A strange alloy Argentium is pretty proprietary as far as flux materials and how much can be used to recast. and it has less tinsel strength and resistance to deforming.


----------



## glycerine (Jan 3, 2010)

Where would I take those type of classes?
So it sounds like if I had a metal lathe, the "easiest" way to go about this would be to turn my parts from brass and have them plated.  I'd like to get to the point where I can create just about anything I or a client could come up with...



BRobbins629 said:


> You can use cast parts with tubes, but it generally isn't necessary.
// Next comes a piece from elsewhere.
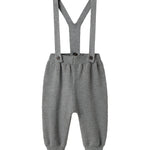 Grå strikkede bukser med seler og fine knapper til baby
The main reason for tubes is to have something to press the fittings into.
> 
> I do my sterling silver casts from wax using the lost wax casting process.  Now I do the wax models either by hand carving, turning on the lathe, CNC or a combination of them.  Although I have cast myself, I have found it easier and less expensive to have someone like Cranston Casting to do them.  If you are not making many of the same thing, you do not need a mold.  There is some shrinkage but that is generally easy to deal with.  You can trim the metal to meet the pen parts or trim the pen parts to meet the metal.  Either way works.
> 
> ...


----------



## mredburn (Jan 3, 2010)

Our loacal college has classes as does the art center. There are jewelry schools around the country you may have to google them to see if there is one near you.  The jewelry schools vary. SOme have short classes for specific skills some have year long classes.  Our local callege and art center teach jewelry design as basic jewelers skills. Wax carving, casting, soldering. how to saw etc. they do not teach repair classes.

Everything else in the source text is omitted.